What Makes a Thing Precious?

[thoughts from  ~burning woman~  by Sha’Tara]

… and the closed bud shrugs off
its special mystery
in order to break into blossom:

as if what exists, exists
so that it can be lost
and become precious

—Lisel Mueller, from “In Passing,” Alive Together: New and Selected Poems. (LSU Press; First Edition edition October 1, 1996)

Thinking about that quote from Charles on “The Vale of Soul Making” blog…

          A thing can be longed for, can be thought of as precious, but until it is lived for; deeply sacrificed for; even bled for (or killed for) and finally hopelessly lost, that thing can never be accurately described as precious: it remains an illusion, a story in a book of fiction.  However good the fiction is, it is still fiction.  The book isn’t purchased, it isn’t owned, it is merely borrowed from a library. 
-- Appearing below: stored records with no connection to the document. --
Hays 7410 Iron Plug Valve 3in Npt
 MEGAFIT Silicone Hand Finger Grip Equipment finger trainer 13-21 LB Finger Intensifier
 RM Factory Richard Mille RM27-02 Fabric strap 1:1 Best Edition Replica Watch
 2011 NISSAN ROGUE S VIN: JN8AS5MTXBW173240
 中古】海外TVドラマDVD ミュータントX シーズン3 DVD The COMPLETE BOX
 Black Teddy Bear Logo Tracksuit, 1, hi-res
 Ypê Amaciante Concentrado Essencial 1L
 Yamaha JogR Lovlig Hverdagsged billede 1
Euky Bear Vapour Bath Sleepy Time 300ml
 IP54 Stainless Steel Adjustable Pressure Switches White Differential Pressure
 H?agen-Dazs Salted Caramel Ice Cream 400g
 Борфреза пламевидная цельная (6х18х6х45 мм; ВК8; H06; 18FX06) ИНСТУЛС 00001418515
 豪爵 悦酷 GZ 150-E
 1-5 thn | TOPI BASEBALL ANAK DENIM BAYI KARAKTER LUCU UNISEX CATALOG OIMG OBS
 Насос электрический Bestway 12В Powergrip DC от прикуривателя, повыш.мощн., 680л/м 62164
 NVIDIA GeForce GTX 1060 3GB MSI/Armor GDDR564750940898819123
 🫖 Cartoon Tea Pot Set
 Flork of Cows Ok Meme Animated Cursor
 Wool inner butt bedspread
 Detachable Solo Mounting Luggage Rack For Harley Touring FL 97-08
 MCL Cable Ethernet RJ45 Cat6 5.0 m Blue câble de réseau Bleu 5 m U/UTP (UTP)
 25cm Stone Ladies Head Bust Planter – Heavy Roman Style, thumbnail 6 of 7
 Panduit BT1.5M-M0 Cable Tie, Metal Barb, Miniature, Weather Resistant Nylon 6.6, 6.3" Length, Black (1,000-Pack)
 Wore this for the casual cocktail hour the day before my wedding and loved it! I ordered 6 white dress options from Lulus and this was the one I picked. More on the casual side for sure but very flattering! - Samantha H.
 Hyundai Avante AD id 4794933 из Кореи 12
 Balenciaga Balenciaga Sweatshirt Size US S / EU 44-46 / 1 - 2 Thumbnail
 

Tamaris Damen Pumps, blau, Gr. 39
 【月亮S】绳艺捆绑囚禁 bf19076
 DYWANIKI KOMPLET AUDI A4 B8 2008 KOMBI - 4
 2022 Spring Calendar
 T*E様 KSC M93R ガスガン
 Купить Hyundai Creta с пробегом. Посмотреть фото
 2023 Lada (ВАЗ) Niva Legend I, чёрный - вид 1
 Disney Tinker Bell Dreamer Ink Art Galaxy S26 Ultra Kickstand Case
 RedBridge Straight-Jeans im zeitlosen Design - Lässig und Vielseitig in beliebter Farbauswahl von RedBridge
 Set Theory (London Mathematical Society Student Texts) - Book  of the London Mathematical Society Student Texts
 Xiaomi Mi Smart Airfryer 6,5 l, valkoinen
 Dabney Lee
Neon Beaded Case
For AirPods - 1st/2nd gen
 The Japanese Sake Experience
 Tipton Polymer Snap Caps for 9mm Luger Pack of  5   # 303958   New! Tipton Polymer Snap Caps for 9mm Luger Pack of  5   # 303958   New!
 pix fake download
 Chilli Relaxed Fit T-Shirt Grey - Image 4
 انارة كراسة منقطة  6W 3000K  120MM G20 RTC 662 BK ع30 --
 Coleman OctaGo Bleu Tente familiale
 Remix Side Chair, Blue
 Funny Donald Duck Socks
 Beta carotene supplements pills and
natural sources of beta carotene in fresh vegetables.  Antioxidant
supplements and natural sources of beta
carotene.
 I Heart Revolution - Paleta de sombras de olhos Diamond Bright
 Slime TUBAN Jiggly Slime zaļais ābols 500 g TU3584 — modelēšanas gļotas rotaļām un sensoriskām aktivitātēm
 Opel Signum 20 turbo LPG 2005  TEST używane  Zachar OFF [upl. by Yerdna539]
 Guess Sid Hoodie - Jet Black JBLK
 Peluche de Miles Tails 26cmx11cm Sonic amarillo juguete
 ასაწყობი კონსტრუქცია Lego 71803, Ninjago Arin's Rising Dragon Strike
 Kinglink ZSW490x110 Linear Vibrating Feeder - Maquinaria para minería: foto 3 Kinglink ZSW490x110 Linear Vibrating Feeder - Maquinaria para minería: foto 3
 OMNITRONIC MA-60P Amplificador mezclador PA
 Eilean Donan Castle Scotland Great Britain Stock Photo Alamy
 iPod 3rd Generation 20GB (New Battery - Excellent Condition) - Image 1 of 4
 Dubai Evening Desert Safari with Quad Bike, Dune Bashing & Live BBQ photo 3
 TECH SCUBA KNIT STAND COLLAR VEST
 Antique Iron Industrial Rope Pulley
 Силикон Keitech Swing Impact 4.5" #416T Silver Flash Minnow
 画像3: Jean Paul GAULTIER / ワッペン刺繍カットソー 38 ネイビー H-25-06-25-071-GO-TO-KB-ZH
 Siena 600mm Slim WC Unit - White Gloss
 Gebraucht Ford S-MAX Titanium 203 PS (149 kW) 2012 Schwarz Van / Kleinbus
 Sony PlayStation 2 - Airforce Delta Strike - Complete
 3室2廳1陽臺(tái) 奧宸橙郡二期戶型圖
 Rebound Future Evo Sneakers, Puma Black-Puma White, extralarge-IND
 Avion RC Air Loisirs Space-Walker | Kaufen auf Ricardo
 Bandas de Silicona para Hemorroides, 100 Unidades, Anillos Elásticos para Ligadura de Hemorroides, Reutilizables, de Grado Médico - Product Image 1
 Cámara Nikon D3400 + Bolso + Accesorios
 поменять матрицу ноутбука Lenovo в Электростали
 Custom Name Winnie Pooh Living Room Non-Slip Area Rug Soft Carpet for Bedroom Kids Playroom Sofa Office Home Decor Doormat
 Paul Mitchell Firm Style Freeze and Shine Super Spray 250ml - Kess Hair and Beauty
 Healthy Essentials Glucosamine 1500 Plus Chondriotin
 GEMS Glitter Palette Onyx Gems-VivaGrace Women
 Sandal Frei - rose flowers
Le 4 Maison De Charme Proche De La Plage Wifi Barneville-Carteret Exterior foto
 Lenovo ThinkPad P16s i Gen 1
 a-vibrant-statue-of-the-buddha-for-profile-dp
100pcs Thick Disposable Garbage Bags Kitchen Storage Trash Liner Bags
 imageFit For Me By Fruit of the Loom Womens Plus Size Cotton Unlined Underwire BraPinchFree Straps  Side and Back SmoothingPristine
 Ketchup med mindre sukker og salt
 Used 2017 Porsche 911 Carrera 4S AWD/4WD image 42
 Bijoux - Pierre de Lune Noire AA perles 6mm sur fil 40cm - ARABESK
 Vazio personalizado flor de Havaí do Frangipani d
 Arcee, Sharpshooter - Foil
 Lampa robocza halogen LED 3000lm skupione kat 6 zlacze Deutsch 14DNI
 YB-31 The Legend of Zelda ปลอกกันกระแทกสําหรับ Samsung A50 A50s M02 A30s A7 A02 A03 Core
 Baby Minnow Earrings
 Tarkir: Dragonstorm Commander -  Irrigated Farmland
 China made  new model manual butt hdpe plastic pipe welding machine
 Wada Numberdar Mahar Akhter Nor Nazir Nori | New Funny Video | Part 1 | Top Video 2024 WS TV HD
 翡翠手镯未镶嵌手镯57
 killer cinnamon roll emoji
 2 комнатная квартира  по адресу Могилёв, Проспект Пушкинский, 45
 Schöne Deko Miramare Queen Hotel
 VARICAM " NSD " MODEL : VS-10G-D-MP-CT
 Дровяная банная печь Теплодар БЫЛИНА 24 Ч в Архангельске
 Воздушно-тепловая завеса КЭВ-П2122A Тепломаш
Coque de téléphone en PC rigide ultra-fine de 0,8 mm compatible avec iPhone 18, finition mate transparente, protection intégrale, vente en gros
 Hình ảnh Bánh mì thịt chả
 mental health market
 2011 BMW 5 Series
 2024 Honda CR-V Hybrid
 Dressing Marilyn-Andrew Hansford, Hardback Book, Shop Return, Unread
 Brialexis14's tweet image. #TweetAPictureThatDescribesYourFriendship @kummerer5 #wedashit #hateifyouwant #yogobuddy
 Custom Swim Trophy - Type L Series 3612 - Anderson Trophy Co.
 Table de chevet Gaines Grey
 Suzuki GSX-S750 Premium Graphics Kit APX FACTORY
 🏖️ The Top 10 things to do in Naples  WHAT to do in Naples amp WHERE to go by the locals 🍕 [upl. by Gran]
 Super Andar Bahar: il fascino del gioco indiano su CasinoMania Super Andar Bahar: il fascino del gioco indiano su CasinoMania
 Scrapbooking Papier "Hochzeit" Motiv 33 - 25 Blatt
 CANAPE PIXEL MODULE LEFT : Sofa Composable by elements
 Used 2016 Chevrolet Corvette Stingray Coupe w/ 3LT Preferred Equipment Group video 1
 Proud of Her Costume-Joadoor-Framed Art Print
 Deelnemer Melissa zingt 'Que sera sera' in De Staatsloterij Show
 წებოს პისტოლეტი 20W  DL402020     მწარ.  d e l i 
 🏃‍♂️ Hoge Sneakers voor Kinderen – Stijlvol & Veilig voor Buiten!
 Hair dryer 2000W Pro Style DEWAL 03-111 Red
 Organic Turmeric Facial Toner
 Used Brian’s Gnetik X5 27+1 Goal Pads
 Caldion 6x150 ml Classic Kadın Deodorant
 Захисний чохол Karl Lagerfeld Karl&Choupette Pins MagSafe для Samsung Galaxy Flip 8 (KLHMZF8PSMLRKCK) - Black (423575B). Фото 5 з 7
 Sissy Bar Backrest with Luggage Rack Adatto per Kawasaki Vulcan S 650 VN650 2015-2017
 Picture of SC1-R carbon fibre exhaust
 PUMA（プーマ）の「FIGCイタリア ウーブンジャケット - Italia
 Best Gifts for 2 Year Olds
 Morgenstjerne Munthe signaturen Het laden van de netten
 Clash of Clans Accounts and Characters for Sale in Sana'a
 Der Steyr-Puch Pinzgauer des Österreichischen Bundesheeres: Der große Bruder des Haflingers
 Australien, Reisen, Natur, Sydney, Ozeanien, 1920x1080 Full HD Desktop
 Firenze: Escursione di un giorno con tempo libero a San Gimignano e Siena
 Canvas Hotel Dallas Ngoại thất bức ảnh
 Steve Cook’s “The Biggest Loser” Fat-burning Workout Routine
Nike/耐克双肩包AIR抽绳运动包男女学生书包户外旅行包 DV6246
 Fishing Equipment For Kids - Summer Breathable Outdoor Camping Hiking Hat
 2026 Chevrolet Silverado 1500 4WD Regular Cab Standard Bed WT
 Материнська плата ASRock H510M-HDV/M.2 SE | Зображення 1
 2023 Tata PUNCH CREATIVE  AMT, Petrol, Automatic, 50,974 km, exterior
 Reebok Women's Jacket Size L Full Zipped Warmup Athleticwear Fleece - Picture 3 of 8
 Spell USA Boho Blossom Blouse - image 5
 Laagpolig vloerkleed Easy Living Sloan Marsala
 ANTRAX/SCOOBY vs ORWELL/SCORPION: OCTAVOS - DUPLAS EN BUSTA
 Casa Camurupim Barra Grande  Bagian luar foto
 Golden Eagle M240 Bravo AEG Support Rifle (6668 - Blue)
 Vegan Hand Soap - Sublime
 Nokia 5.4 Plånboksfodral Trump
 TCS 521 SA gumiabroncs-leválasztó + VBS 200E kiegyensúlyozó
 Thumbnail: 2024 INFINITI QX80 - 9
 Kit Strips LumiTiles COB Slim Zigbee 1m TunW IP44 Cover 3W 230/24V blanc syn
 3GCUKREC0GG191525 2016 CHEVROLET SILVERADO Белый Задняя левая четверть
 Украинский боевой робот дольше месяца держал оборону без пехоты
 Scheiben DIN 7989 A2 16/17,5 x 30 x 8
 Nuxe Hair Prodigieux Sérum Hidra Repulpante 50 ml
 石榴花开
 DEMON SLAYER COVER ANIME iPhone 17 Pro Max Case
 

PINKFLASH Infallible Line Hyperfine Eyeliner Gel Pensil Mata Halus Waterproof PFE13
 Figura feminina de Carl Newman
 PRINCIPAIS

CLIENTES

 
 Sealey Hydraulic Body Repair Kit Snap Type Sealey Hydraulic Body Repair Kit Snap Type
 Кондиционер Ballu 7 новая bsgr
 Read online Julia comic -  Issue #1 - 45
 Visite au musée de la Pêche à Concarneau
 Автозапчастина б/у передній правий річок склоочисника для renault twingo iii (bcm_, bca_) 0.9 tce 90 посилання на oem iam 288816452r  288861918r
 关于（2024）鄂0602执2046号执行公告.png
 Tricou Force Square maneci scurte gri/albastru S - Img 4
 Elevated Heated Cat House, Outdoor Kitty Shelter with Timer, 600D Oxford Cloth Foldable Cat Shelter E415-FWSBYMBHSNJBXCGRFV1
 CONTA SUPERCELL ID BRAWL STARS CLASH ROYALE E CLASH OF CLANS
          In J.R.R. Tolkien’s “The Hobbit” and later in “The Lord of the Ring” there appears a character called Gollum.  Gollum possesses a ring which he calls “his Precious” and is driven mad by it.  Gollum’s ring was indeed his precious because he had paid a great and terrible price to attain it.  Back in the ancient days when he was still a normal being he was called Smeagol and he had an inseparable friend, Deagol.  It was Deagol who found the ring at the bottom of the river Anduin, but when Smeagol saw the ring his desire to possess it exceeded all bounds.  Deagol wouldn’ give up the ring, so Smeagol killed him for it.  Many long years later, the outcast Smeagol, now known as Gollum, lost his “Precious” to Bilbo Baggins, the Hobbit.  Then did the ring truly become Gollum’s precious – he dedicated his life to finding the ring and getting his revenge on “the nasty Hobbit Baggins.”  In the end as we know, Gollum died with the ring: they both fell in the fire of Mount Doom.  Total commitment and total madness.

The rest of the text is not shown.